Moins de vaches dans les élevages français : des conclusions difficiles à entendre en Limousin, terre d'élevage. C'est pourtant ce que préconise un rapport de la cour des comptes publié ce lundi 22 mai. Pointant ainsi du doigt l'effet des troupeaux sur les gaz à effet de serre. La juridiction propose même au gouvernement de lever des fonds pour faciliter la reconversion professionnelle des éleveurs.
Éleveur bovin depuis près de trente ans, Stéphane Demont est spécialisé dans la race limousine. Une race à viande qui consomme cinq à sept tonnes de fourrage par an et par animal. Un gros mangeur montré du doigt par la Cour des comptes pour ses rejets de méthane dans l'atmosphère.
"Il y a des bois, il y a des espaces qui sont verts, il y a de la prairie. Il n'y a pas de cheminées, pas d'usines, pas de trucs qui fument. Me sentir pointé du doigt par des technocrates, en tout cas des gens qui réfléchissent certainement beaucoup plus que moi, quand je regarde mes six vaches qui sont en train de brouter derrière moi à Vicq-sur-Breuil, je me dis qu'il y a un truc que je n'ai pas compris", se désole l'éleveur.

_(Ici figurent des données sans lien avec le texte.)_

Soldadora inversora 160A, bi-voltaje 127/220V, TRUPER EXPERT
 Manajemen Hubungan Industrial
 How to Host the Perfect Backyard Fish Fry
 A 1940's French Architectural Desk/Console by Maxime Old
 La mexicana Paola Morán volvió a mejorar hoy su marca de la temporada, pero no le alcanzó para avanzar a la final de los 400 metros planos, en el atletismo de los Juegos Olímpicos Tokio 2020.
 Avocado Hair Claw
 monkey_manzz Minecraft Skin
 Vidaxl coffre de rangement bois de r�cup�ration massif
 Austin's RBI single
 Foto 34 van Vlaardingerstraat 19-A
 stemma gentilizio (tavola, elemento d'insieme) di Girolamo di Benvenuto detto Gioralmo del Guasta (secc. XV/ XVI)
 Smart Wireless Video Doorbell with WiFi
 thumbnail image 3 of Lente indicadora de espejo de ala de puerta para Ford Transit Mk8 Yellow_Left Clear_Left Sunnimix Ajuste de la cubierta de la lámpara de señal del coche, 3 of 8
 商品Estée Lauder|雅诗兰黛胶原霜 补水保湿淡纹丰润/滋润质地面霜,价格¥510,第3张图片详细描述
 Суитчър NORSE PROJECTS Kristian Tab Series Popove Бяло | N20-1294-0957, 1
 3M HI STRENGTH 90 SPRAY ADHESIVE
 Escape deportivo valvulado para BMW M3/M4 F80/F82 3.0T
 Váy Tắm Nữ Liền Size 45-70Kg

Incompréhension et agacement. Avec ce rapport de la Cour des comptes, c'est toute une filière qui se sent attaquée.
Que dit le rapport ?
La Cour des comptes pointe effectivement l'élevage bovin responsable de 11,8 % des émissions d’équivalents de dioxyde de carbone (CO2), un niveau comparable aux émissions des bâtiments résidentiels du pays. Même en prenant en compte le stockage du carbone dans les prairies, le bilan reste négatif. C'est essentiellement dû au fait que la digestion des bovins dégage du méthane, un gaz au potentiel de réchauffement bien plus élevé que le CO². Tout en reconnaissant l'atout que représente l'élevage, tant au point vue économique qu'environnemental grâce à l'engrais qu'il produit, la Cour recommande la baisse du cheptel pour tenir les engagements de réduction des gaz à effet de serre. La conjoncture est, de toute manière, à la baisse. Mais la Cour dénonce le fait que l'État n'accompagne pas cette baisse et n'impose aucune ligne directrice à l'élevage.
Des préconisations difficiles à digérer
"On veut notre mort. Ce qui me dérange énormément, c'est que la Cour des comptes rentre dans ce jeu-là. Il y a, je crois, 3 000 milliards de dettes en France. Je doute vraiment beaucoup que le bovin viande finisse de couler la dette française. C'est au contraire un atout et on est en train de nous assassiner, qu'on a programmé notre mort. Moi, je ne m'adapte pas à la mort et je n'ai pas envie d'entendre des bêtises pareilles", s'énerve Bertrand Venteau, président de la chambre d'agriculture de la Haute-Vienne.
À l'autre bout de la chaîne, juste avant le consommateur, les bouchers. Eux non plus ne comprennent pas pourquoi il faudrait réduire le cheptel français alors qu'il semble décliner.
"On a perdu 600 000 têtes, et il est prévu d'en perdre un million d'ici à 2030. Il n'y a pas besoin de le réduire, il se réduit naturellement au grand désarroi de toute une filière puisqu'on n'a plus assez de viande pour nourrir le peuple français".
Dans le berceau de la race limousine, loin de l'idée de polluer, la filière bovine poursuit son activité avec une épée de Damoclès climatique qui, chaque jour, attaque un peu plus son moral.